Bob Whipple "The Trust Ambassador"   |   02 April 2014   |   Reply

How about this one… “Trust me.”

letsgrowleaders   |   02 April 2014   |   Reply

Bob, Oh yes…. if you have to say that…..

Ali Anani (@alianani15)   |   02 April 2014   |   Reply

Karin- a great post. Stupidity levels in which the lowest one is saying things that harm all. Nobody benefits. At a slightly higher levels saying things that harm on party and the other party doesn’t benefit. A slightly higher level is saying something that hurts one party and benefits the other.
I wish my time would allow me to do the 5-why analysis to identify why people do that.
Throwing responsibilities at others, blaming others, complaining, negative thinking, and all sorts of evil make some say say things that are groundless.
I hope my comment makes some sense.

letsgrowleaders   |   02 April 2014   |   Reply

Ali, Your comments are spot on! I do wonder WHY people say such things. I imagine it might take more than 5 “whys.” I do see stupidity you describe far too often.

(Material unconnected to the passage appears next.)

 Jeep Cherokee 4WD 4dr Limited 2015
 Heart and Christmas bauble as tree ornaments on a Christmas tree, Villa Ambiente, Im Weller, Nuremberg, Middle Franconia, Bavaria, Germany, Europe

Steve Borek   |   02 April 2014   |   Reply

I once said five words to the VP of sales that was great for my career.

Each rep had to give their quarterly forecast in a one on one presentation with the VP.

I had a chunky order, $200K+, that would be booked in the following quarter. The VP was insistent on having it happen this quarter.

After giving him a long explanation of the players, issues, etc. of the account (VP was quizzing me on whether or not I knew what was going on inside the account)I looked him square in the eye and said “It is what it is.” This was circa 1998.

From that moment on, he never questioned anything I ever said.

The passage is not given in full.